**PROBLEM STATEMENT:** Look below for the line with "Kit șurubelnițe BahcoFit" and the line with "Safe Dual Visor Full Face Motorcycle Helmet"; repeat exactly those two lines and all lines between them, but no pictures.

**SOURCE MATERIAL:**
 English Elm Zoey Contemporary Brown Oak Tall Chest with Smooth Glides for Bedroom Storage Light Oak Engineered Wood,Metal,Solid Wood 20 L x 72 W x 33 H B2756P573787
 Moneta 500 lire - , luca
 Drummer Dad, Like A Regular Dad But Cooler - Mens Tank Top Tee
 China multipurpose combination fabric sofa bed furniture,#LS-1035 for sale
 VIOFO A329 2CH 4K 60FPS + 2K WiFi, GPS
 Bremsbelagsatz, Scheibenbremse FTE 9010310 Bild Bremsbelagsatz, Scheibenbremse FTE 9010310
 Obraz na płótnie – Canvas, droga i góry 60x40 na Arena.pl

* * *

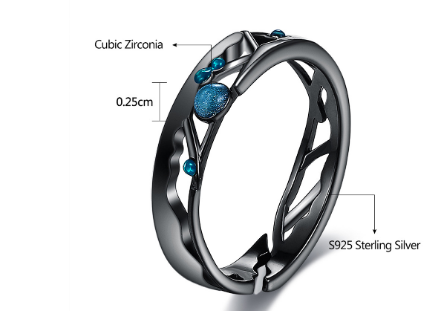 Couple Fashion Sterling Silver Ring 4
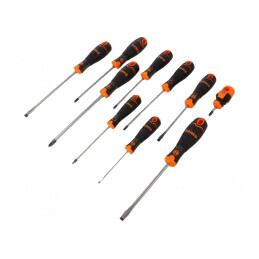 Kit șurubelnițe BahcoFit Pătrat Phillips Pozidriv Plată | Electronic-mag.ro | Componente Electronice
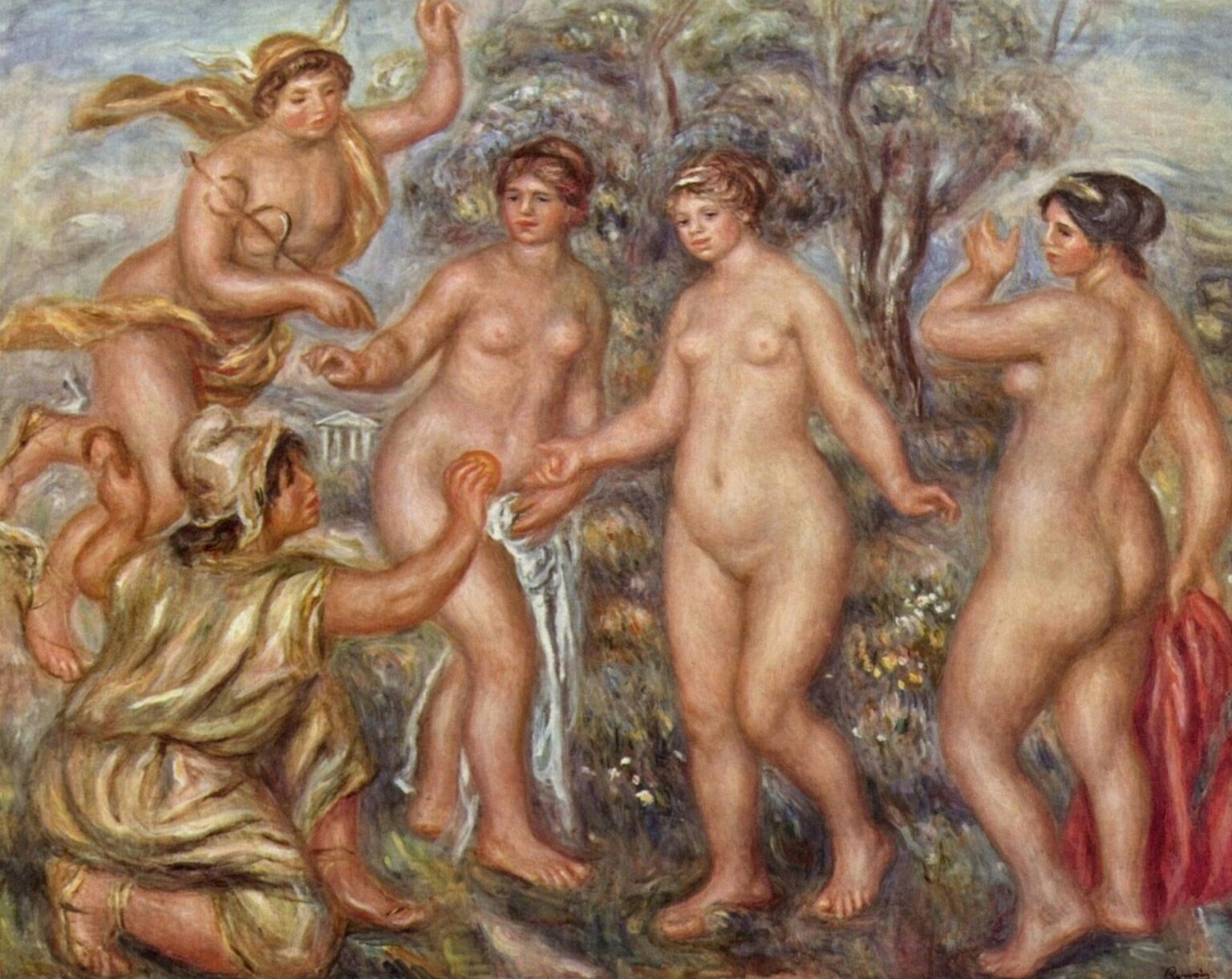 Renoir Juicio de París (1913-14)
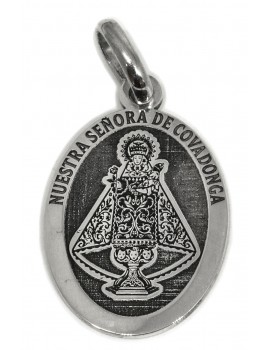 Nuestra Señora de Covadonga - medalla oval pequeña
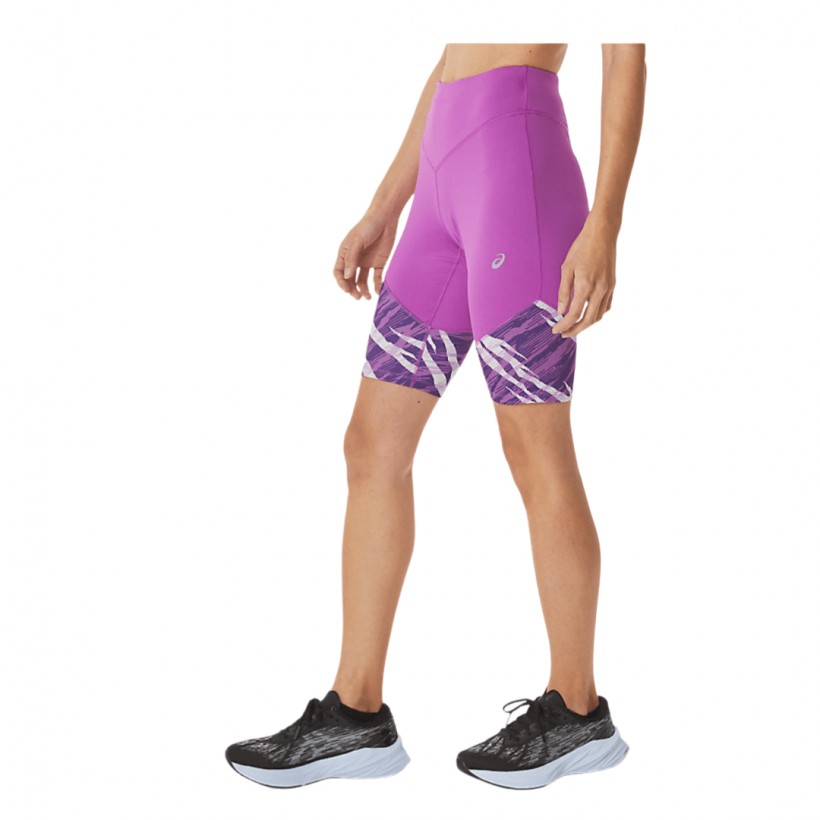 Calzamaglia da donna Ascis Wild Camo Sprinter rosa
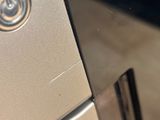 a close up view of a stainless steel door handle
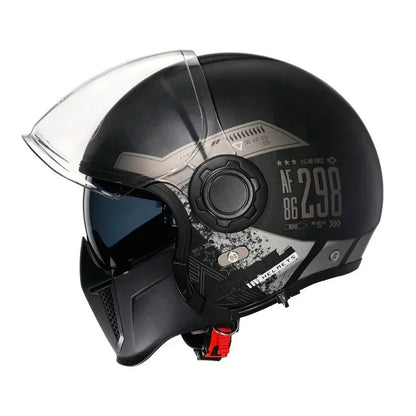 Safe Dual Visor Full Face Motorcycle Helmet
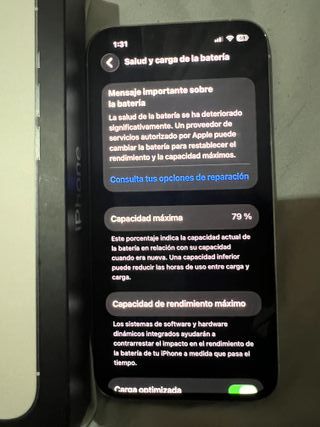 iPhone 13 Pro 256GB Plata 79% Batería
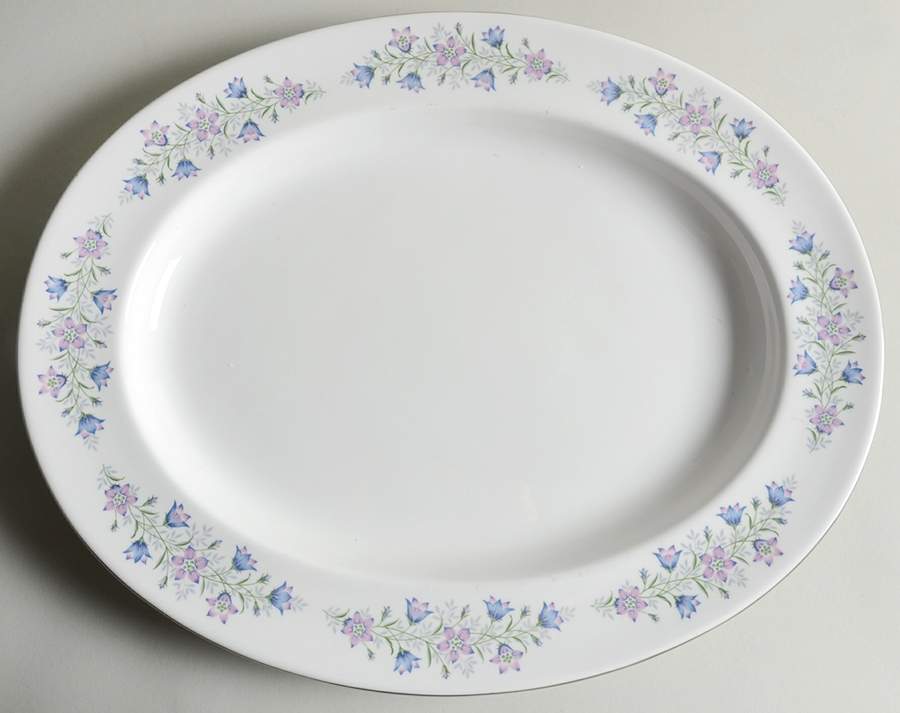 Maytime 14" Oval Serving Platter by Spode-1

**EXERCISE SOLUTION:**
 Kit șurubelnițe BahcoFit Pătrat Phillips Pozidriv Plată | Electronic-mag.ro | Componente Electronice
 Renoir Juicio de París (1913-14)
 Nuestra Señora de Covadonga - medalla oval pequeña
 Calzamaglia da donna Ascis Wild Camo Sprinter rosa
 a close up view of a stainless steel door handle
 Safe Dual Visor Full Face Motorcycle Helmet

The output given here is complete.